Background Process Plant

A supplier to a major supermarket chain requested the help of Lauras International to support efficiency improvements within one of their production facilities. Following assessment of opportunity, Lauras’ role was to introduce a culture of performance and engage the workforce to deliver the target opportunity.

Issue / Problem

The management team, although experienced in day to day production methods, had little experience of making, and sustaining significant improvement / change.  Overtime appeared to be institutionalized, heavily weighted at the end of the week and over the weekend, regardless of the order profile variations.  A significant proportion of part of their process was outsourced, at a significant cost, due to capacity constraints. This meant that the site had less control, but the view was that this would be difficult to bring in-house without significant investment in new equipment. They looked to Lauras International to help them make step changes in efficiency but were skeptical about how lasting change could be achieved when developing a workforce of varying languages and who weren’t actively engaged.

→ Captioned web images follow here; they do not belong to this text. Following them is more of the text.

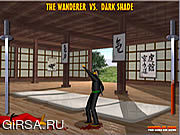 Флеш игра онлайн Samurai Warrior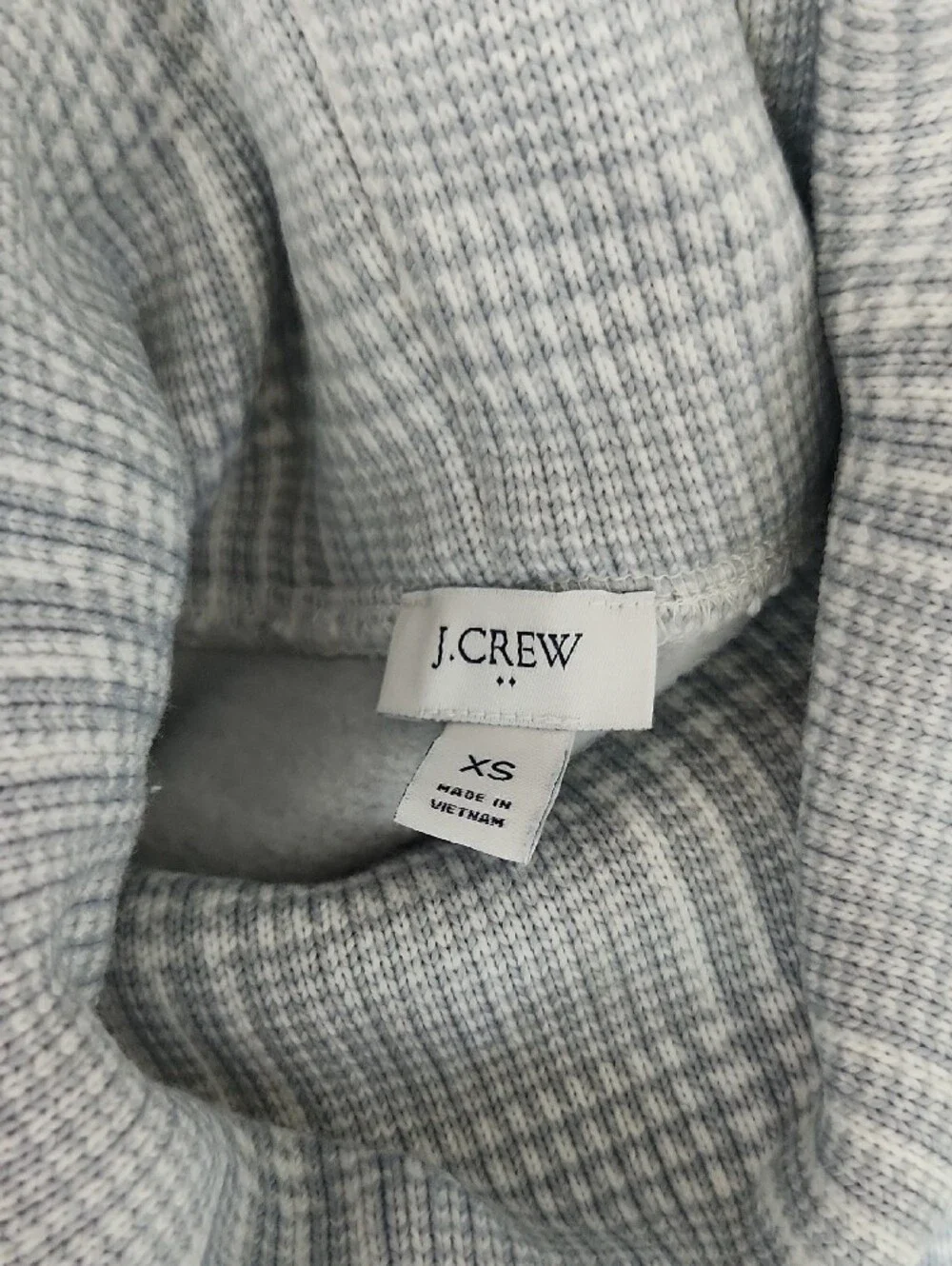 J. Crew light blue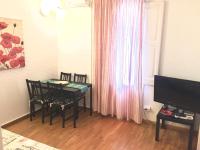 Televízia a/alebo spoločenská miestnosť v ubytovaní Apartment Aptucat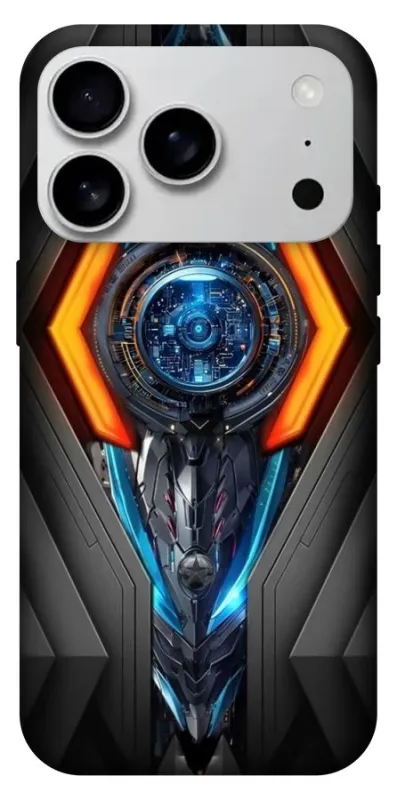 Чехол на Apple iPhone 18 Pro Max CyberPhone v4 фото 1 из 1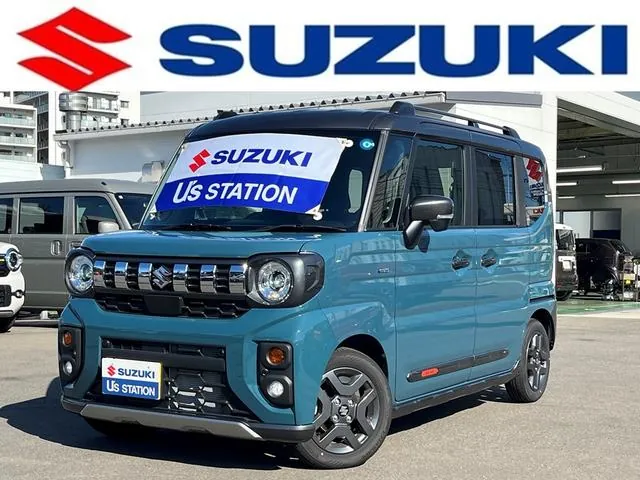 Suzuki Spacia Gia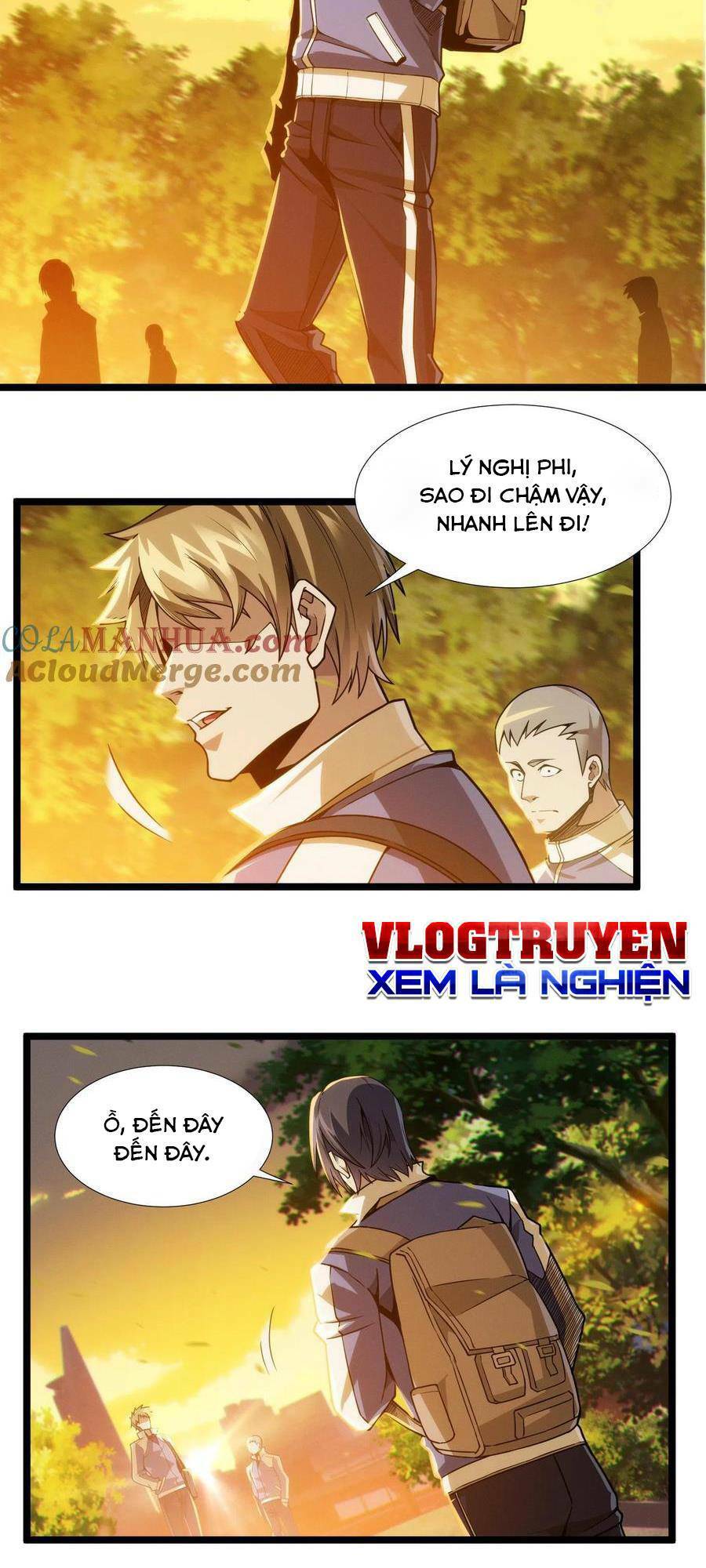 Ta Học Trảm Thần Trong Bệnh Viện Tâm Thần Chapter 27 - 4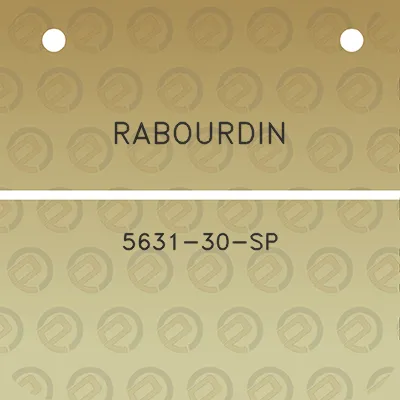 rabourdin-5631-30-sp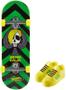 Imagem de  tech Dech Brinquedo Skateboard Skate Dedo com Tênis -APENAS 1 UNIDADE 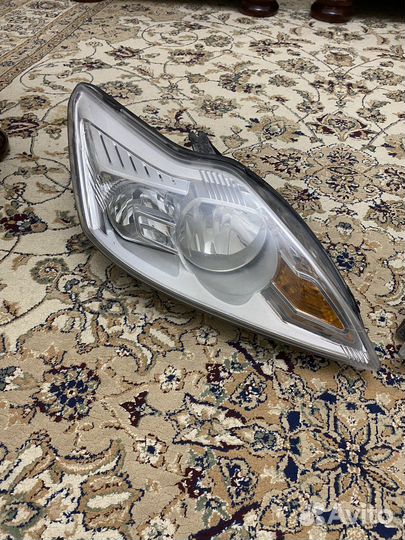 Фары форд фокус 2 оригинал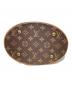 中古・古着 LOUIS VUITTON (ルイ ヴィトン) ショルダーバッグ ブラウン：58000円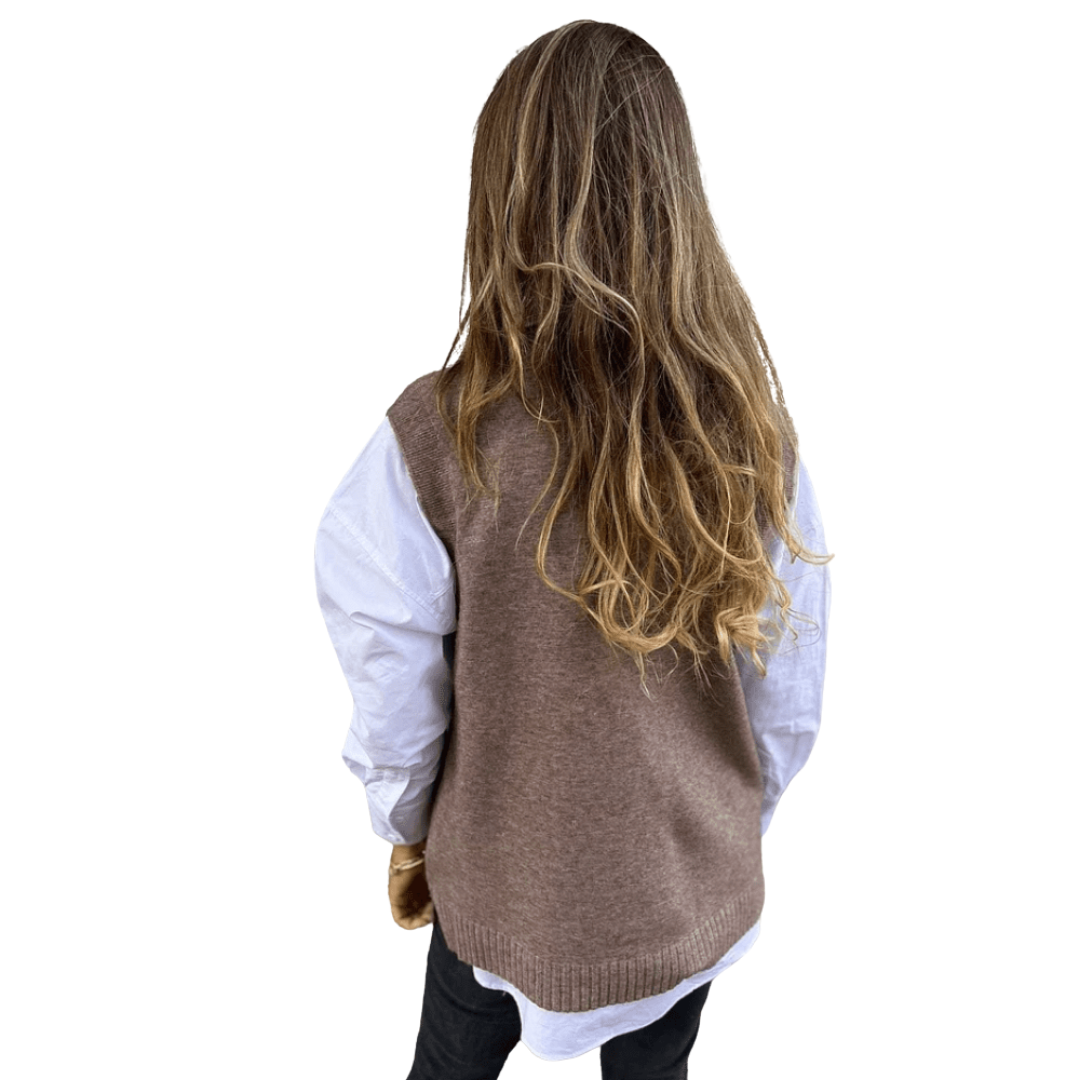 Georgia | Chic Knitted Women’s Cardigan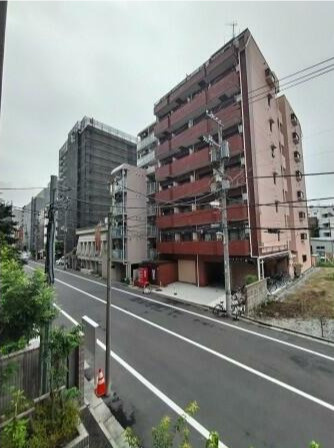 エスジーコート三ノ輪の展望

A Continuous Improvement (CI) Manager was identified from within the business and three short workshops commenced. Operators from different areas of the business joined the CI Manager on each workshop along with the Lauras team. De-bottlenecking, problem solving, and cycle time reduction skills were developed, initially in the training room and then applied out on the lines.  Using these tools the team increased each line’s speed by a minimum of 10% and increased the total run time by a further 5% per day through improved shift start-ups and end of shift cleans.  Problem solving to route caused enabled further benefits by reducing downtime.  Specific examples include improved product feed procedures and the elimination of product misalignment.  As a result, a significant proportion of outsourced washing was brought in-house.  All this was achieved without spending a single penny on capital equipment.
Meeting structures were also introduced to ensure that improvement activities were effectively communicated and driven, thus supporting sustained activity, and establishing a performance culture.


The business’ engagement survey has produced brilliant results. Since the completion of the workshops the site team have continued to drive performance and have reduced the Labour Cost per Tonne by 35% over a sustained period.